■ The task ■
Repeat exactly, and only, the lines from the line containing "Okładka książki Rachunkowość" through the last line of the records below, including both.

■ Data under study ■
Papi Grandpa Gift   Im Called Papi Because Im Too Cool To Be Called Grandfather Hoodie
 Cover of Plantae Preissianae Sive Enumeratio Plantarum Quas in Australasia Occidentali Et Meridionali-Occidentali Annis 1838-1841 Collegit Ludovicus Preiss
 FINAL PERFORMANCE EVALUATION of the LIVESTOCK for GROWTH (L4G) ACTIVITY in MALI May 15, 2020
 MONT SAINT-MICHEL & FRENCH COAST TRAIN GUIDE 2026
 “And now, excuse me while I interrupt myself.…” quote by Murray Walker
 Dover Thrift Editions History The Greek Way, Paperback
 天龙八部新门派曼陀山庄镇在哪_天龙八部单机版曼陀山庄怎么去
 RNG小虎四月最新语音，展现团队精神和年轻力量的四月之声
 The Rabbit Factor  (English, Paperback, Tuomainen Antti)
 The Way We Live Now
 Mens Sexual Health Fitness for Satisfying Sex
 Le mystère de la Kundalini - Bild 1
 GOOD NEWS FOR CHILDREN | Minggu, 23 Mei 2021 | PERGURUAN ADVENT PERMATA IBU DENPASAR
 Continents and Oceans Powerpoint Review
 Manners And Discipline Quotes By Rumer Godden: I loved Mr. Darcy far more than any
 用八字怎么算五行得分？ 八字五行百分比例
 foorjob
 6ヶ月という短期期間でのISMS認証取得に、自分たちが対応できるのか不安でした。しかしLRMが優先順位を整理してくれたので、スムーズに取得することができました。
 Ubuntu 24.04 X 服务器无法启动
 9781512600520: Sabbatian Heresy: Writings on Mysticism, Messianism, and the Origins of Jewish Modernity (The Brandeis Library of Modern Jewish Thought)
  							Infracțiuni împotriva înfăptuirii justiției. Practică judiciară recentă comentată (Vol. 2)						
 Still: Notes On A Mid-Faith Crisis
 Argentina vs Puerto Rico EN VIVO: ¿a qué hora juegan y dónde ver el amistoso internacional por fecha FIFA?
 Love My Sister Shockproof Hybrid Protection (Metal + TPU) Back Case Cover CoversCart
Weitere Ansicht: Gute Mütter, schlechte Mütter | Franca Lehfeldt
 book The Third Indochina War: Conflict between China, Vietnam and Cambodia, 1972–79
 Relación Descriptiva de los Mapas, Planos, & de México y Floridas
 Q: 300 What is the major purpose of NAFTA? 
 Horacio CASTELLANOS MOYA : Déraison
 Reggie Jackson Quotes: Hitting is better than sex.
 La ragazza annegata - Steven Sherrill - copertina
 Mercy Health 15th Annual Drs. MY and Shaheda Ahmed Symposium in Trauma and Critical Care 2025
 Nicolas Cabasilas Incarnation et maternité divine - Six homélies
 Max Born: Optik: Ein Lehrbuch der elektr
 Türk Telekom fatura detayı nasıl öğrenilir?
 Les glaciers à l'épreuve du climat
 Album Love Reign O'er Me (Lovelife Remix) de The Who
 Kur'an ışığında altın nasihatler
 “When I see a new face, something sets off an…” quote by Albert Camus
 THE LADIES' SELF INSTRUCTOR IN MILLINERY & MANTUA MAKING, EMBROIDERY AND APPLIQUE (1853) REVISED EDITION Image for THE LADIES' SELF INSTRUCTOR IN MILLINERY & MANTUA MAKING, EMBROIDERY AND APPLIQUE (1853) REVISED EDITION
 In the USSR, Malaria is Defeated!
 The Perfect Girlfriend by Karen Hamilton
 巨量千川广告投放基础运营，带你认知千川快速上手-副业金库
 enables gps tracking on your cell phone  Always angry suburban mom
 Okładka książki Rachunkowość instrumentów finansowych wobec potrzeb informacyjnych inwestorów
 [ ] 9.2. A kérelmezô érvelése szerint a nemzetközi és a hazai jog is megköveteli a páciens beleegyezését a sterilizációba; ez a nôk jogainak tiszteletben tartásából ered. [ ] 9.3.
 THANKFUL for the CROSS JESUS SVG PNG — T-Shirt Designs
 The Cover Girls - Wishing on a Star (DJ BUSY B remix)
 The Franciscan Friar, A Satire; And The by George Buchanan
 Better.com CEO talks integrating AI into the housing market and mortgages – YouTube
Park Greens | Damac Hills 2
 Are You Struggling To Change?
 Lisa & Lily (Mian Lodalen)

■ Answer space ■
 Okładka książki Rachunkowość instrumentów finansowych wobec potrzeb informacyjnych inwestorów
 [ ] 9.2. A kérelmezô érvelése szerint a nemzetközi és a hazai jog is megköveteli a páciens beleegyezését a sterilizációba; ez a nôk jogainak tiszteletben tartásából ered. [ ] 9.3.
 THANKFUL for the CROSS JESUS SVG PNG — T-Shirt Designs
 The Cover Girls - Wishing on a Star (DJ BUSY B remix)
 The Franciscan Friar, A Satire; And The by George Buchanan
 Better.com CEO talks integrating AI into the housing market and mortgages – YouTube
Park Greens | Damac Hills 2
 Are You Struggling To Change?
 Lisa & Lily (Mian Lodalen)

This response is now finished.